In Francia è braccio di ferro tra il gruppo tv TF1 e Orange-Free


Tra le tante modalità con cui seguire i propri canali tv (e programmi) preferiti c’è indubbiamente anche quello offerto dagli operatori tlc insieme alla propria offerta fissa e/o mobile.

In Francia è in corso una accesa polemica tra il gruppo TF1 (editore di diversi canali tv tra cui appunto l’omonimo TF1, ex primo canale pubblico francese, poi privatizzato e ora di proprietà Bouygues), Orange e Free.

Gruppo TF1

Tutto ruoterebbe intorno al prezzo chiesto da TF1 ai singoli operatori, che viene calcolato in base al numero di abbonati e giudicato troppo alto. La prima a farne le spese lo scorso anno è stata SFR, che si è vista bloccare i contenuti dal gruppo TF1 finché non è stato rinnovato l’accordo (da 15 milioni di euro l’anno).

Da oltre un anno proseguono le trattative tra TF1 e Orange, con quest’ultima che ha anche denunciato il gruppo televisivo per abuso di posizione dominante lo scorso luglio. La situazione è attualmente in stallo, con Orange che dovrebbe sborsare tra i 25 e i 26 milioni di euro l’anno per i diritti televisivi, cifra che viene giudicata troppo alta. Da questo 1° febbraio TF1 ha bloccato l’accesso ai servizi streaming offerti ai clienti Orange.
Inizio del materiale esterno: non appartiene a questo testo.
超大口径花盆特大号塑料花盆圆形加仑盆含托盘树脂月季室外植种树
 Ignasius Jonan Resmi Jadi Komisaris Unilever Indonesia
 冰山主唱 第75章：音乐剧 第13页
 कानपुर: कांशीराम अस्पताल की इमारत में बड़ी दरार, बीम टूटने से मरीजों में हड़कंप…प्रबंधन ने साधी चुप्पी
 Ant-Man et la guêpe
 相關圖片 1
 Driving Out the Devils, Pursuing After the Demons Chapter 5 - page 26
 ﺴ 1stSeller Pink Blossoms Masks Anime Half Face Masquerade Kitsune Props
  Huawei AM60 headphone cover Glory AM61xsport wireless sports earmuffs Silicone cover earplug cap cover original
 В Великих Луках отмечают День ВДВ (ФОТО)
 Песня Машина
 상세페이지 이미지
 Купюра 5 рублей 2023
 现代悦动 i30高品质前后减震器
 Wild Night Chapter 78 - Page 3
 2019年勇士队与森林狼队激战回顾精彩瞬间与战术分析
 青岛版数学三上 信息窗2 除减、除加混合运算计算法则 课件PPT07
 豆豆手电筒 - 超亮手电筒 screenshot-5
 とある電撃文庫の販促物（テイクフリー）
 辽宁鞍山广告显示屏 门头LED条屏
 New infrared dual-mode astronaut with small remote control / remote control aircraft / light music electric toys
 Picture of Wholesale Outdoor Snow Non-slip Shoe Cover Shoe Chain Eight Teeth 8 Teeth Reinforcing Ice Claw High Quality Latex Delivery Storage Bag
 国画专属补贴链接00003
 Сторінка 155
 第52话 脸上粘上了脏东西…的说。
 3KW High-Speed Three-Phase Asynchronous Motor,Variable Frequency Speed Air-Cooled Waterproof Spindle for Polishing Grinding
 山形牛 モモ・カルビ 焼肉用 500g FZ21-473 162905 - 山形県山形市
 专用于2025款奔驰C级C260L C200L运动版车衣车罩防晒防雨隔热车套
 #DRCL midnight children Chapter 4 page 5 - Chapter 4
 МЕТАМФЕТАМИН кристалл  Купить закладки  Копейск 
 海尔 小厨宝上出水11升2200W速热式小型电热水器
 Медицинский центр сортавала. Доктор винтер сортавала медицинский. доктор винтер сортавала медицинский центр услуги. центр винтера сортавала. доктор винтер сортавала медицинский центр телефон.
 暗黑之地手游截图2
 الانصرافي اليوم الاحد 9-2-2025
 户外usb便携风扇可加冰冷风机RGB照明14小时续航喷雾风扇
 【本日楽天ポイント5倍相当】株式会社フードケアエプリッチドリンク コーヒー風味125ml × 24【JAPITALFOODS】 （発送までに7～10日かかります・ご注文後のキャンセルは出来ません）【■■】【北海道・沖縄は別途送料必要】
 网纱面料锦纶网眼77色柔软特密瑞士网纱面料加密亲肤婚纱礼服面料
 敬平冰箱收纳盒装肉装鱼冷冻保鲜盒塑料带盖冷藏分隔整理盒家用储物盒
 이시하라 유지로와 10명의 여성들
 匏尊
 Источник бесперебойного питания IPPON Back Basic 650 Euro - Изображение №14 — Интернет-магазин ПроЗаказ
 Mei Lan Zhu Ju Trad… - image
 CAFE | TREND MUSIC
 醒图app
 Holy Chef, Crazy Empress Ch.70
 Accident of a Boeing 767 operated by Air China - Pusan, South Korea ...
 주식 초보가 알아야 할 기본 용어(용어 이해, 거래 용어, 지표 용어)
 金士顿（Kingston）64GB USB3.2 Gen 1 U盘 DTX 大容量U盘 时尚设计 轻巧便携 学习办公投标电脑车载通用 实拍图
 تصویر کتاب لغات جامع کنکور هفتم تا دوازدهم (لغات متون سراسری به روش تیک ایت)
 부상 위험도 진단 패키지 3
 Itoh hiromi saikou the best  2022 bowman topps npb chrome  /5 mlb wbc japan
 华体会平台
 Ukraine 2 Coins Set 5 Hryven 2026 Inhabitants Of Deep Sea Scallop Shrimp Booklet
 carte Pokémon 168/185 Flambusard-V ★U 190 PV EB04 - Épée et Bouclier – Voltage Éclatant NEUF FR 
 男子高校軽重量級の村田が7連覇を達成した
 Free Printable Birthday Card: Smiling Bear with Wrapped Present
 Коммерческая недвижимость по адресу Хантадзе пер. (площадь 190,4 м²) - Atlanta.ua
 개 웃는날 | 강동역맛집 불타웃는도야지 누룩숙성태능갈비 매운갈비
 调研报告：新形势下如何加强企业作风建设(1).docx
Proprio oggi anche Free ha fatto sapere che le trattative con TF1 sono ad un punto morto. Lo stesso Maxime Lombardini, CEO del gruppo Iliad, ha dichiarato al quotidiano Le Figaro di essere preoccupato per le richieste fatte dall’emittente:

Le richieste di TF1 sono stravaganti! Le discussioni sono ferme. Sono pessimista sul risultato

In pratica se le trattative non dovessero andare a buon fine, oltre 12 milioni di famiglie francesi (quelle che utilizzano i servizi di Orange e Free, ovvero oltre la metà del mercato nazionale), non potrebbero più seguire i canali del gruppo TF1.

Da parte sua, TF1 difende le sue posizioni, sostenendo che vuole lo stesso prezzo per abbonato, in pratica lo stesso ottenuto durante i negoziati con SFR dello scorso anno.

Il caso potrebbe assumere una svolta politica se più della metà delle famiglie francesi a breve dovesse ritrovarsi con lo schermo nero… nel frattempo per quest’anno in Francia è prevista anche una nuova legge sull’audiovisivo e, se questo “conflitto” dovesse continuare ancora, sicuramente sarà spunto per qualche intervento e modifica anche sul tema.